3.1 Onset in observations and reanalyses
We calculated onset dates using onset definition (1) in the GPCP and TRMM rainfall estimates and reanalyses. Time series of onset dates shown in Fig. 2. The means are very similar. We calculated correlations between the GPCP onset time series and the other data for overlapping years and this is shown in brackets in Fig. 2. There is good correlation between TRMM and GPCP onset (0.83), although they overlap for only 13 years. Correlation between onset dates in GPCP and MERRA is also strong (0.71), with ERAI it is smaller (0.58) but significant at the 5 % level of a 2-tailed T test. The reason for these different correlations in the reanalyses is further explored in Sect. 4.2.
The onset time series for definition (2) from the NOAA OLR data is also shown in Fig. 2. Overall it tracks the GPCP series well. It has larger year-to-year standard deviation than GPCP, as already pointed out by Fontaine et al. (2008): 14 days for NOAA-OLR compared to 8 days for GPCP for the years considered here. Fontaine et al. (2008) argue that this larger variability is a more realistic indication of the true year-to-year fluctuations in monsoon onset than the rainfall-based onset variability. For the dynamical onset indicator (3) we use the required fields (see Appendix 1) from MERRA (3-hourly) and ERAI (6-hourly) data, averaged into daily means. The mean dynamical onset date (day 173) and its standard deviation (8 days) are similar in both datasets. The two dynamical onset series are weakly correlated with GPCP-based onset dates (correlation ≈ 0.3) but reasonably well with each other (correlation 0.5). The local onset indicator (4) is evaluated in GPCP and the climatology for 1996–2009 is shown in the top panel of Fig. 4.
3.2 Onset in GloSea4 and ENSEMBLES models
3.3 Forecast skill for onset
Random forecasts provide a useful benchmark for the G4 anomaly correlations: we define a random forecast as a random sequence of the observed onset dates over the 14 years spanning the G4 hindcast period. We then estimated the distribution of anomaly correlations for a random forecast from 10,000 such random forecasts. The empirical PDFs of these random anomaly correlations are shown at the right-hand side of the panels in Fig. 5, for each of the three indicators. Also shown are percentiles (50th, 75th, 90th, 95th and 99th) of the cumulative PDF of random anomaly correlations (dotted lines). From these one can see what the probability is that a random forecast would outperform a G4 forecast for a given start date. For example, there is a less than 5 % chance that a random forecast would outperform a G4 forecast issued in mid/late April for OLR-based onset. Forecasts initialised from early April onward have anomaly correlations that vary between 0.15 and 0.4 for precipitation and OLR onset, weaker correlations are seen for the dynamical indicator from mid April. The positive correlations indicate that the ensemble mean of G4 has some weak skill in predicting anomalies in timing of the onset 2–3 months ahead. Skill does not increase monotonically for smaller lead time, the reasons for this can be complex. For example we have found that model bias varies with start date which can affect the model’s dynamical behaviour and forecast skill. We have not explored this point further. Overall, it is clear that the ensemble mean of G4 only captures a small fraction of the year-to-year fluctuations in the observed onset dates. The usefulness of longrange deterministic onset forecasts based on the ensemble mean will be limited.

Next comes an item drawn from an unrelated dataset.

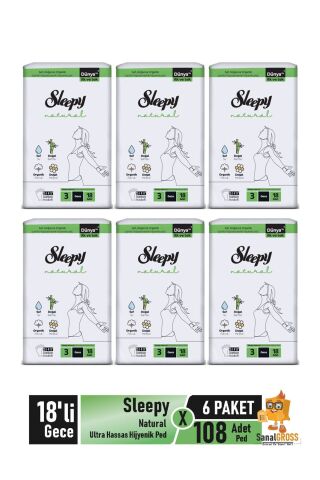 Natural Ultra Hassas Hijyenik Ped 18'li Gece X 6 Paket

We have also calculated ROC areas (see for example, Kharin and Zwiers 2003) to quantify probabilistic skill for tercile categories of timing of the onset. These ROC areas are shown in the right column of Fig. 5. In the current context tercile categories correspond to whether in a given year onset occurs before average (lower tercile, i.e. lower third of the onset dates over the full hindcast period), near-average (middle tercile, or central third of the onset dates) or later than average (upper tercile, or top third of the onset dates). To evaluate tercile boundaries for both model and observed climatologies we fit a normal distribution to the onset dates, and define the boundaries of the 33rd and 66th percentiles of the fitted normal distribution as lower and upper tercile boundaries. We found that fitting a distribution gives a more robust estimate of the tercile boundaries than calculating these directly from the raw onset dates: the discrete nature of onset dates at pentadal resolution means that population samples can occur in clusters, from which tercile boundaries can not be determined very accurately. We carried out the Lilliefors version of the K–S test (Wilks 2011) which indicated that the sample data are consistent with normal distributions at the 20 % level (not shown). ROC scores > 0.5 indicate when the ensemble can, with more skill than climatology, distinguish whether onset is likely to be late, early or average (climatological probabilities for these categories are by definition 33 %). The ‘dynamical indicator’ 3) is again the least skilful of the three indicators considered here.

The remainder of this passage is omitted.